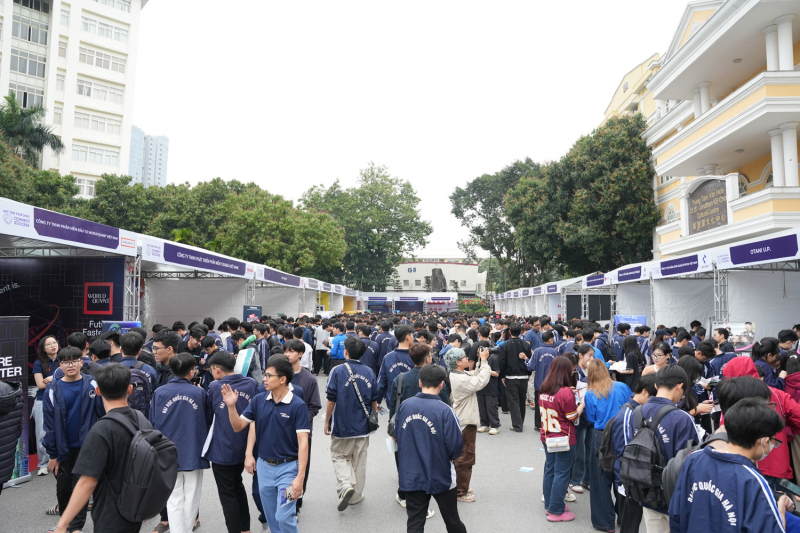 Sinh viên thích ứng ra sao trước trước biến động của thị trường lao động? -0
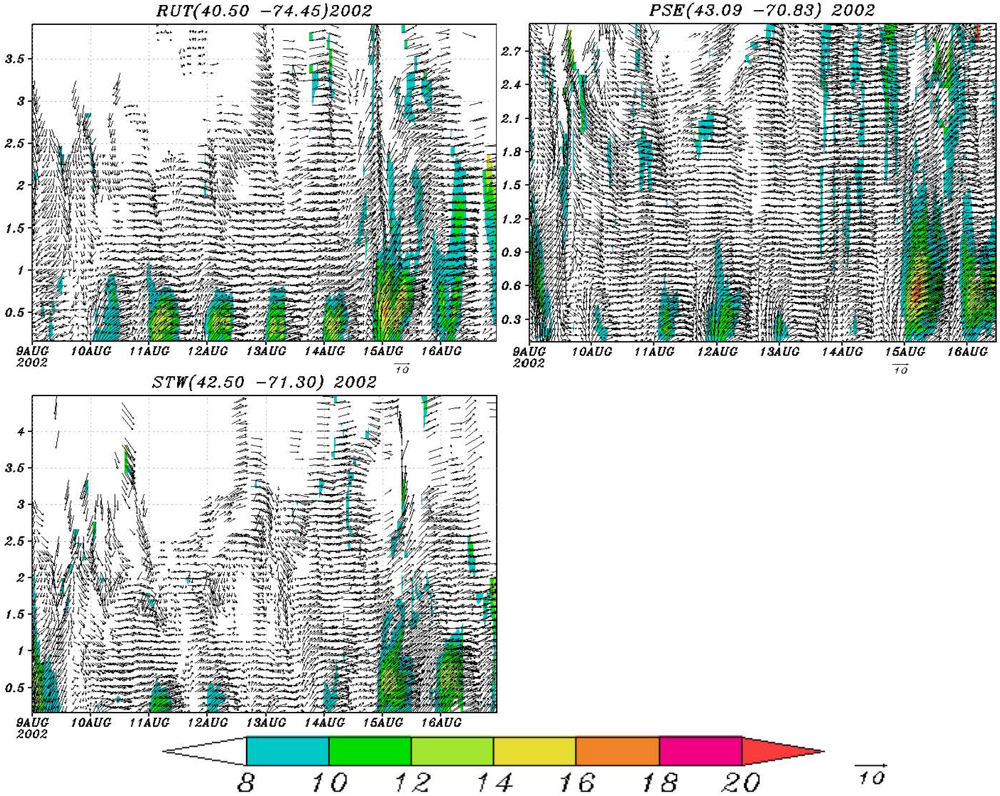 Atmosphere 03 00059 g008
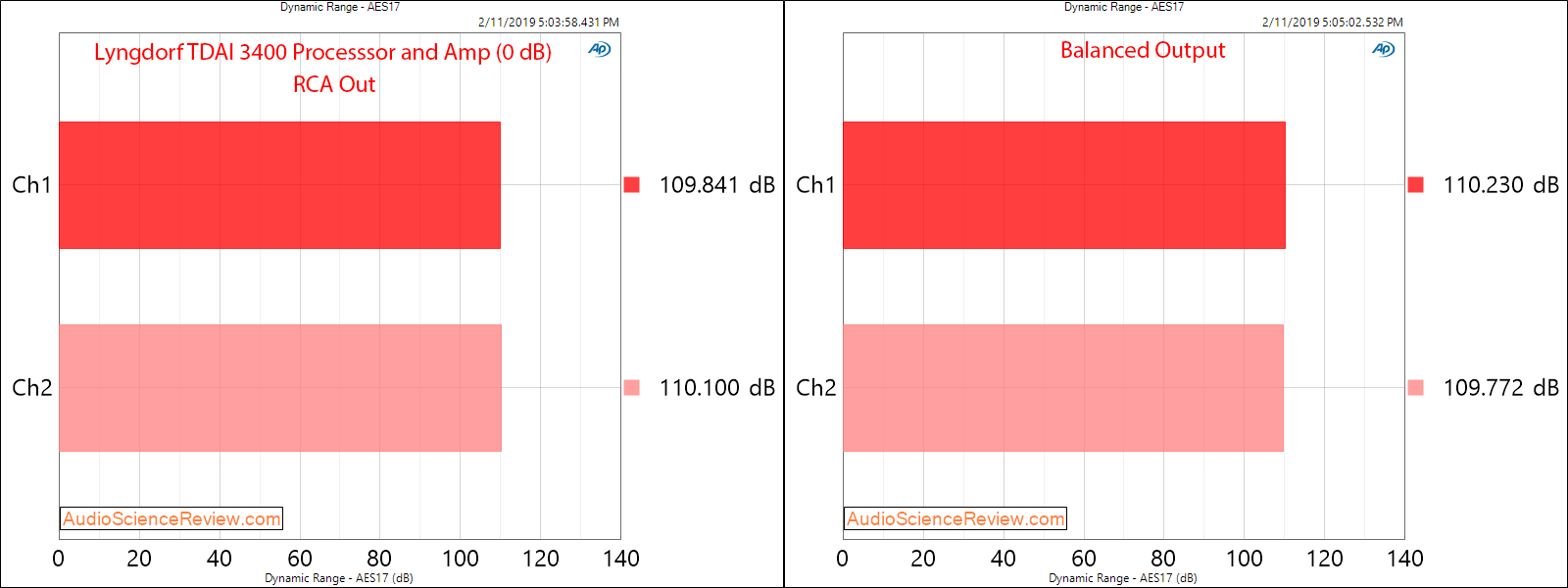 Lngdorf TDAI 3400 DAC Room EQ Audio Processor and Amplifier Dynamic Range Measurements.png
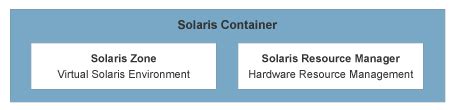 Solaris Container 的图像结果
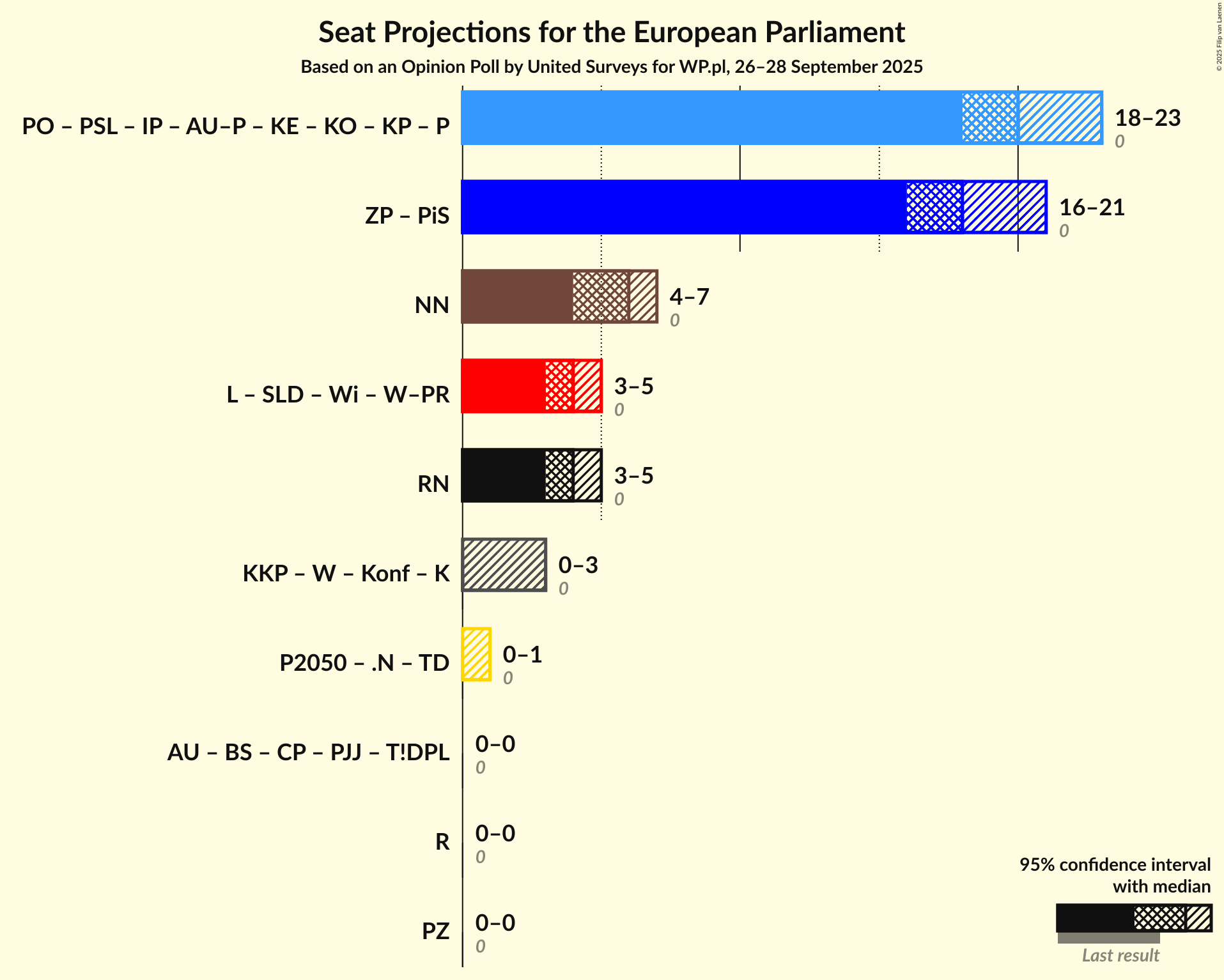 Graph with coalitions seats not yet produced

> WHAT YOU ARE ASKED TO DO:
If a record holds a picture, drop the picture and return the rest of it exactly.

> ANSWER SECTION:
 Sinh viên thích ứng ra sao trước trước biến động của thị trường lao động? -0
 Atmosphere 03 00059 g008
 Lngdorf TDAI 3400 DAC Room EQ Audio Processor and Amplifier Dynamic Range Measurements.png
 Solaris Container 的图像结果
 Graph with coalitions seats not yet produced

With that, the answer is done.